Orientation resolves the fold. When the symbol $i$ is adjoined with $i^2=-1$,
an inner state may be presented at any angle:
$$
z=ue^{i\alpha},\qquad u\ge0,\quad\alpha\in\mathbb R.
$$
The return product always recovers the ultrareal value:
$$
zz^*=(ue^{i\alpha})(ue^{-i\alpha})=u^2=U.
$$
Two successive unfoldings recover the familiar number systems from $\mathbb U$.
## First Unfolding: The Real Line
Admit two orientations: front ($\alpha=0$) and back ($\alpha=\pi$).
Front presentation:
$$
z=ue^{i\cdot 0}=u.
$$
Back presentation:
$$
z=ue^{i\pi}=-u.
$$
Both present the same ultrareal $U=u^2$. Their return products confirm this:
$$
u\cdot u^*=u^2,\qquad(-u)\cdot(-u)^*=(-u)(-u)=u^2.
$$
The real line $\mathbb R$ is $\mathbb U$ unfolded into two orientation sheets,
meeting at zero.
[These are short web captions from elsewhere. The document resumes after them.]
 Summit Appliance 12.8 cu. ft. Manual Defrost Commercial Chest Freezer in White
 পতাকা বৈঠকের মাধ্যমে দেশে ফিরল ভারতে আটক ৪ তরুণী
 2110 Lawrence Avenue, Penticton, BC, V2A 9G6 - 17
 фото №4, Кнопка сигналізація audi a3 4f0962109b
Positive reals are front presentations of ultrareals. Negative
reals are back presentations of the same ultrareal values viewed from the
opposing direction. Zero folds to itself; it is the fixed point of the
unfolding.
The standard set-theoretic containment $[0,\infty)\subset\mathbb R$ remains
true. It describes position in the signed number line. It does not describe
priority. In the ultrareal reading, $\mathbb U$ is prior: the negative reals
add no new values. They are $\mathbb U$ viewed from the back.
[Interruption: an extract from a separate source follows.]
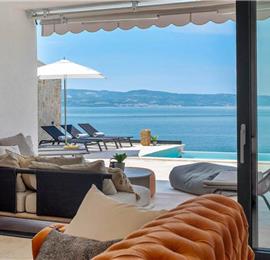 5-Bedroom Villa with heated infinity pool near Omis, Sleeps 10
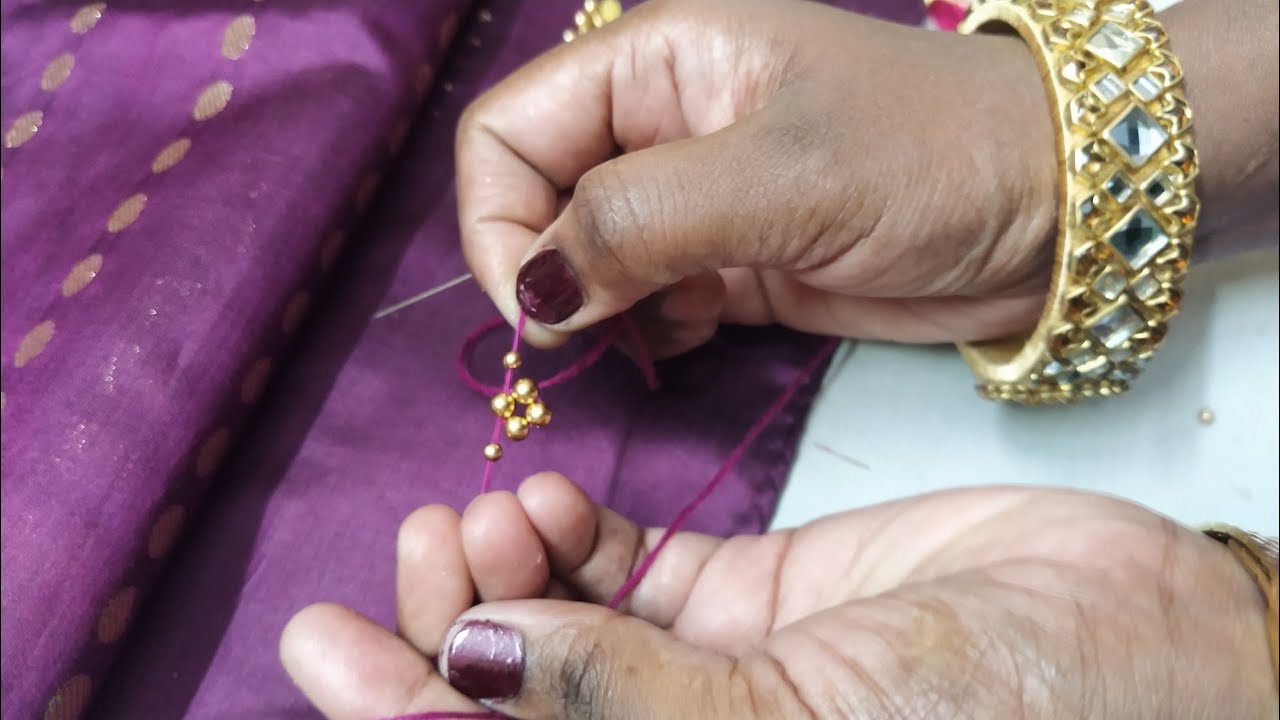 ఒక్క డిజైన్ తో ఎన్ని ఐడియా లో😯🤷 #sareetassels #sareekuchulu #palludesigns #newgranddesigns #smartart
## Second Unfolding: The Complex Plane
Admit all orientations: $\alpha\in[0,2\pi)$.
Each ultrareal $U=u^2$ has a full circle of presentations:
$$
\{ue^{i\alpha}:\alpha\in[0,2\pi)\}.
$$
These are exactly the complex numbers of modulus $u$. The complex plane
$\mathbb C$ is $\mathbb U$ unfolded into full orientation. Every complex number
$z=ue^{i\alpha}$ is an oriented presentation of the ultrareal $u^2$. The
origin is the fixed point of all unfoldings.
The standard account places $[0,\infty)\subset\mathbb R\subset\mathbb C$, each
a subset of the next extension. The ultrareal account reverses the priority:
$\mathbb U$ is the ground, $\mathbb R$ is the two-sheet unfolding of
$\mathbb U$, and $\mathbb C$ is the full-circle unfolding. The containments as
sets remain. The priority is inverted.
## No New Values
Each unfolding adds orientational richness. No unfolding adds new values.
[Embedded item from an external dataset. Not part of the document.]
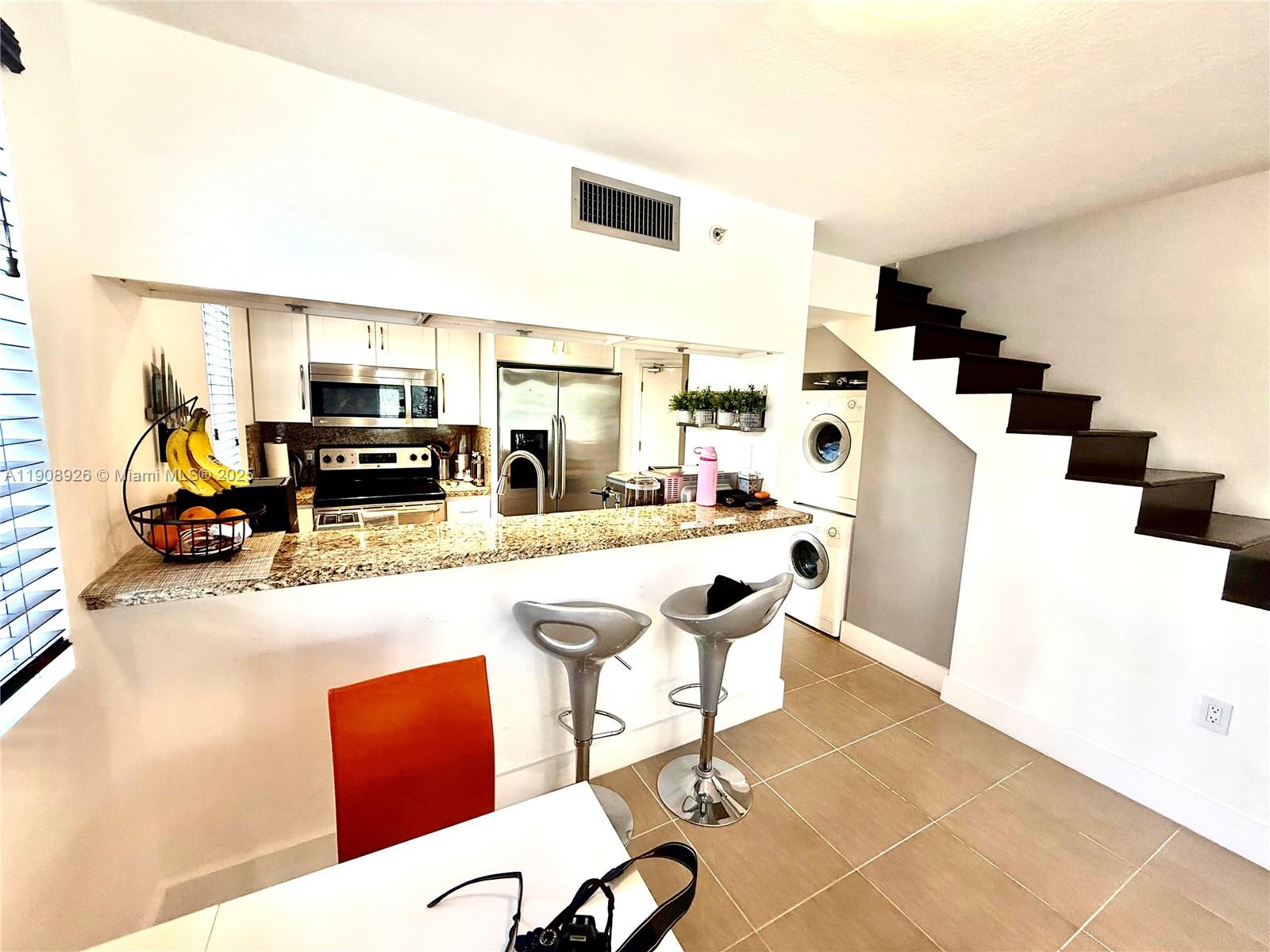 498 SW 2nd St #201 Miami, FL 33130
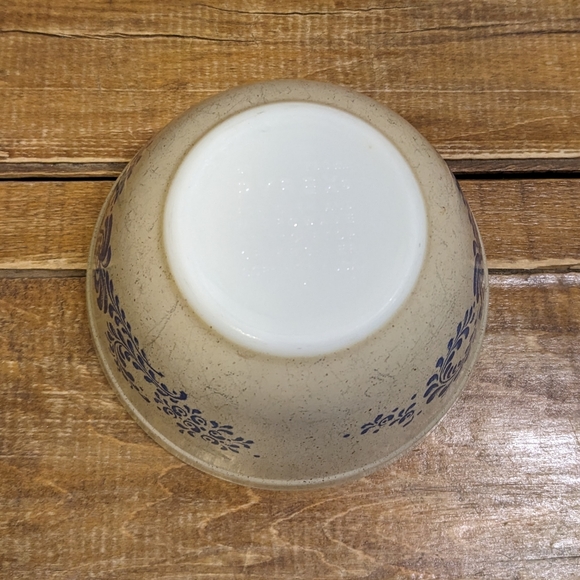 Vintage PYREX Homestead Pattern Small Mixing Bowl | Blue and Tan 401 750 ml - Picture 4 of 11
A negative number does not represent a negative quantity at the ultrareal
level. It is a back-facing presentation of a positive value. The minus sign is
an orientation instruction written as if it were a value. The square-form
absorbs it:
$$
(-u)^2=u^2.
$$
The symbol $i$ is the tool of the unfolding. Adjoining it does not enlarge the
value domain. It records turns.
Mathematics is the map. $\mathbb U$ is the closest the map gets to the
territory.